#### [TASK DESCRIPTION]
Copy, exactly as written, the lines that begin at the one containing "Ensemble combinaison imprimé" and end at the one containing "Or Paz Sterling". Skip any pictures in the data below.

#### [DATA FOR REVIEW]
━━━━

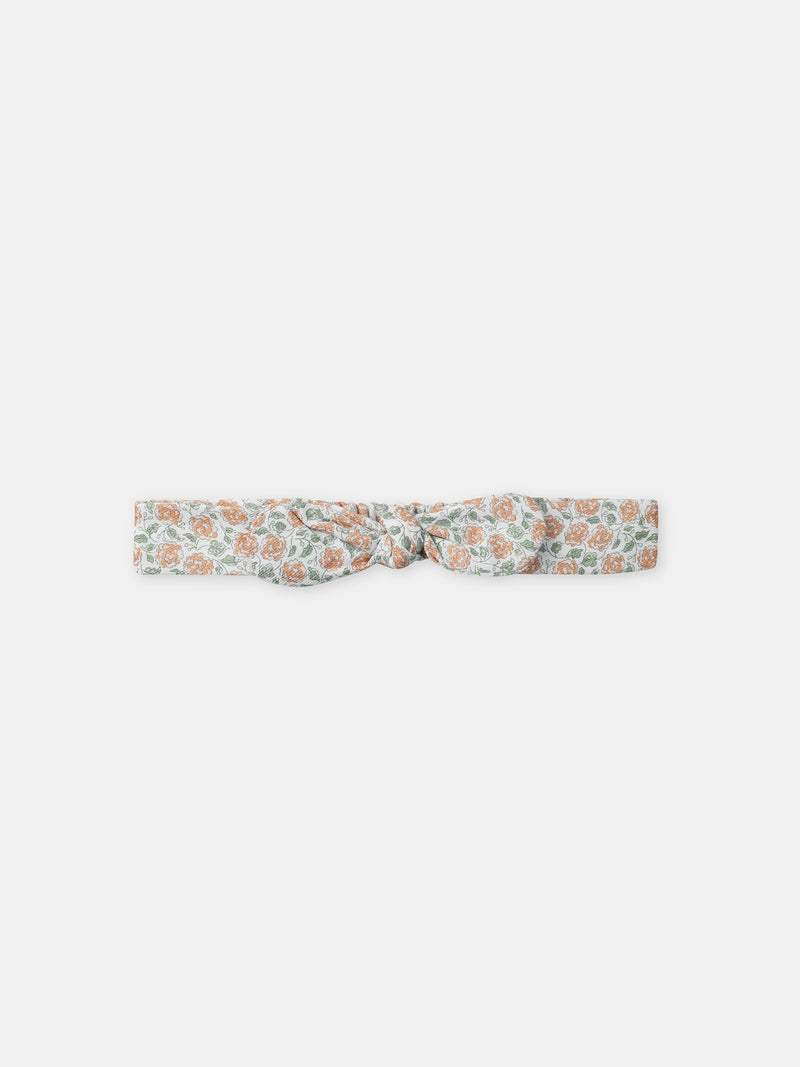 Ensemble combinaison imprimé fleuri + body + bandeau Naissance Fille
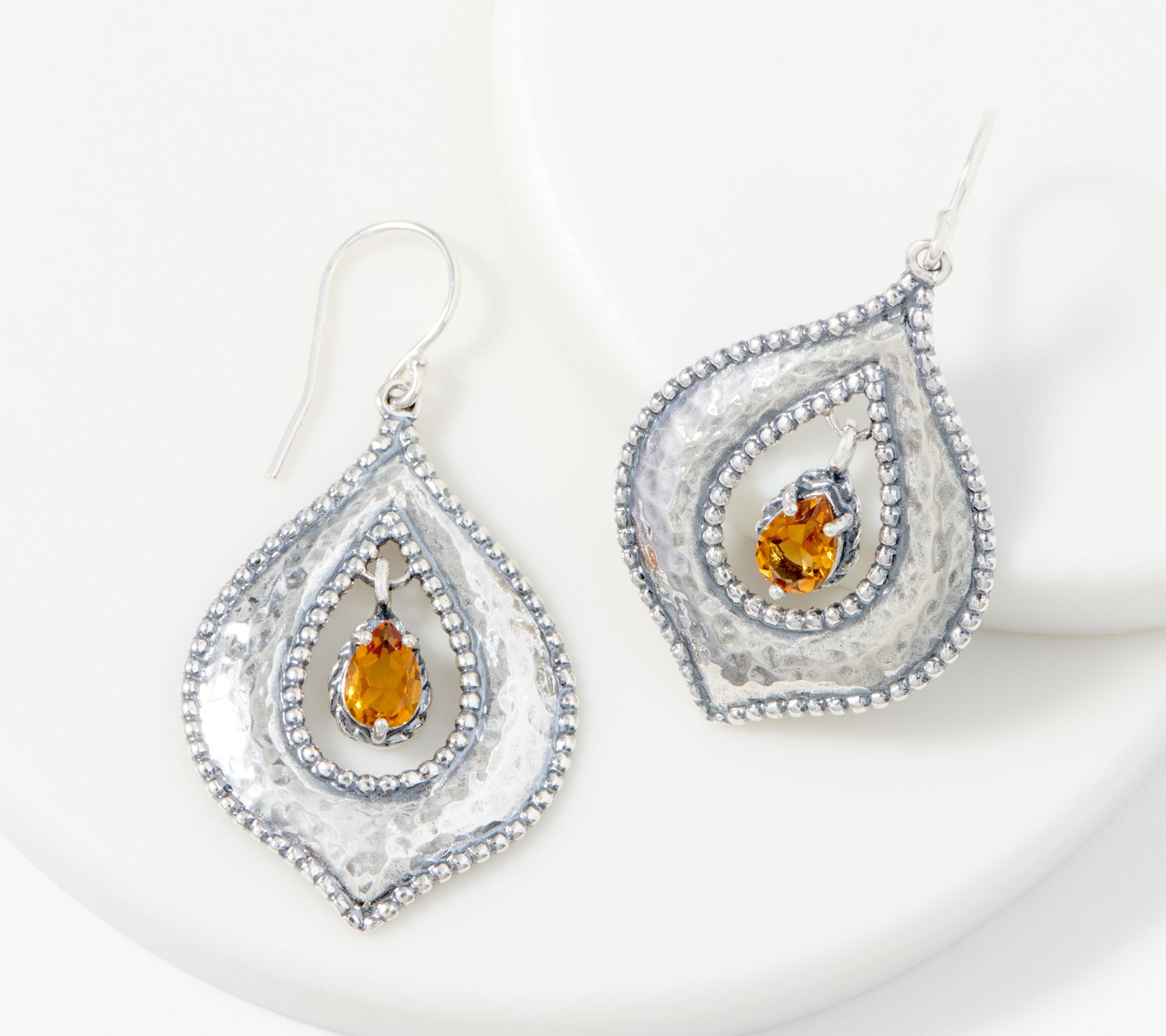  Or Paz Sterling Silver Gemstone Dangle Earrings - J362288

━━━━

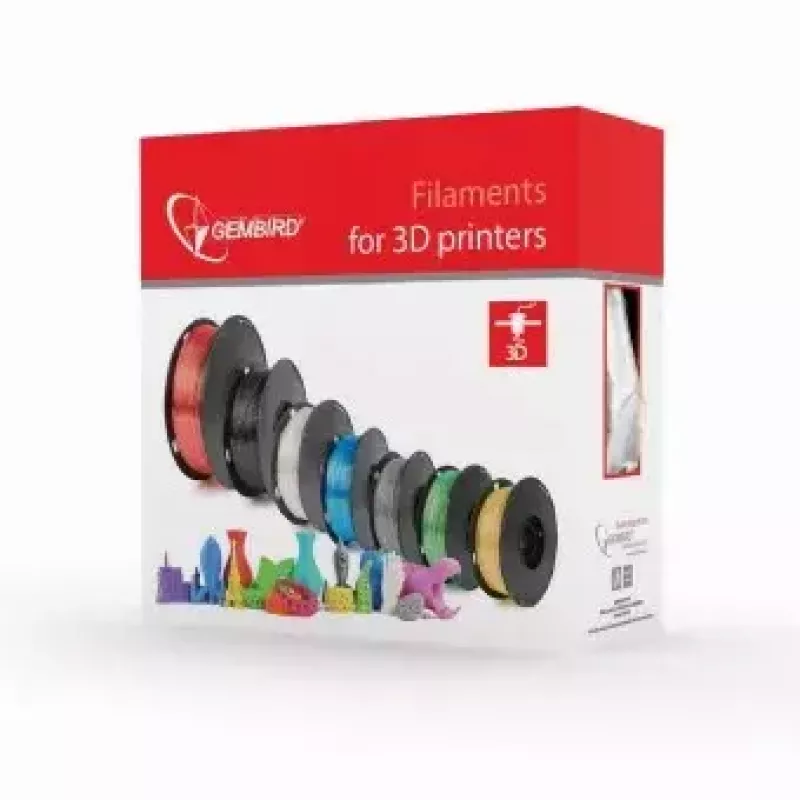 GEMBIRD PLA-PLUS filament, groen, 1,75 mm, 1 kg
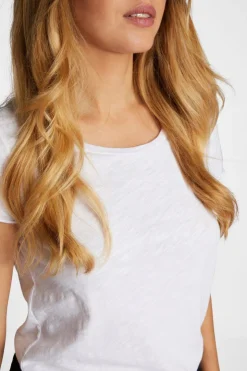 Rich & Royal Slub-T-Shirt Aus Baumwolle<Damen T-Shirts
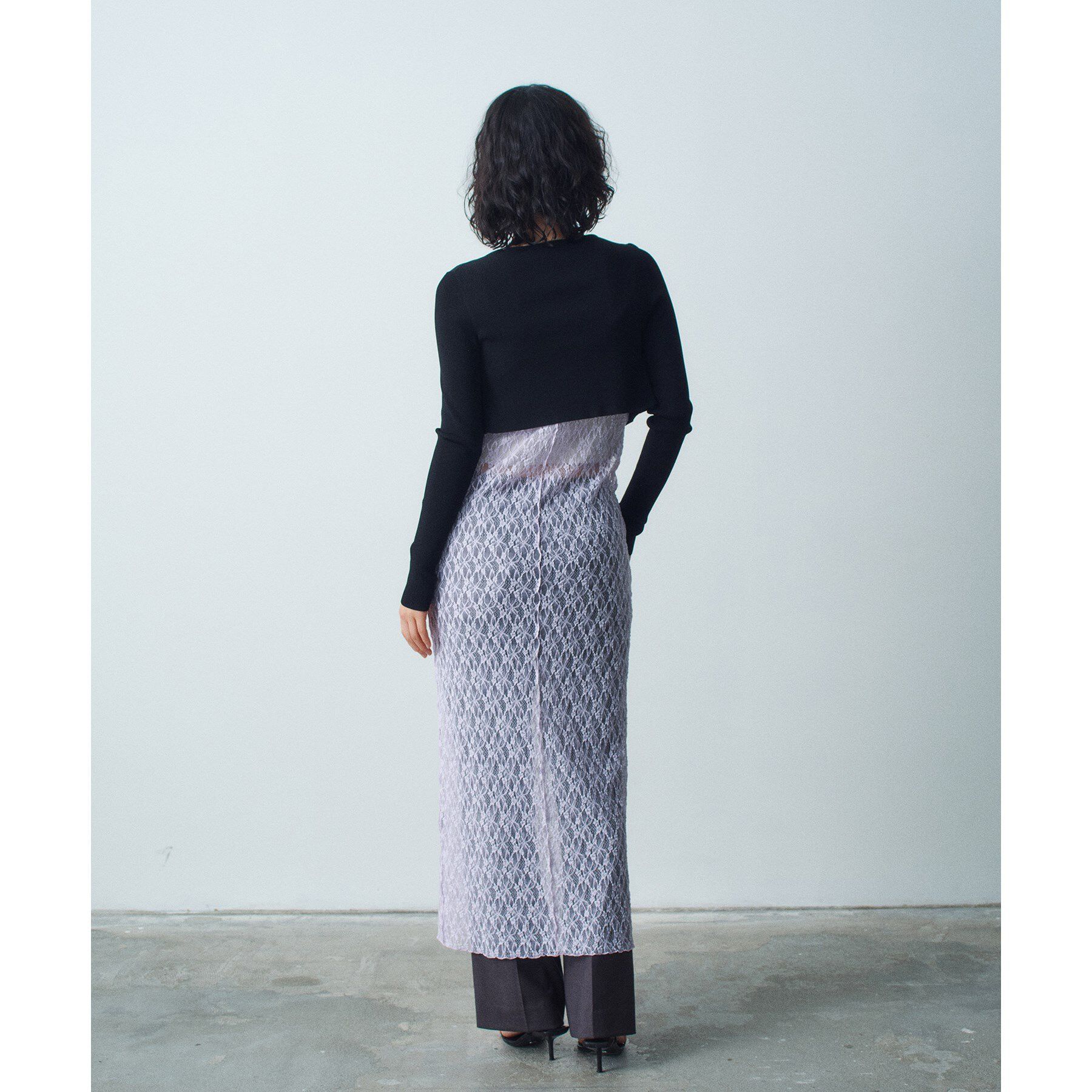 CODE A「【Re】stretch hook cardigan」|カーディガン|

━━━━

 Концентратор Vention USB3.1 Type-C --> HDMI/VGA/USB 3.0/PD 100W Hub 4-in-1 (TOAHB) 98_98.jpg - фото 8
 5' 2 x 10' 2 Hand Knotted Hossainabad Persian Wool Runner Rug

━━━━

#### [RESULT OF THIS TASK]
 Ensemble combinaison imprimé fleuri + body + bandeau Naissance Fille
  Or Paz Sterling Silver Gemstone Dangle Earrings - J362288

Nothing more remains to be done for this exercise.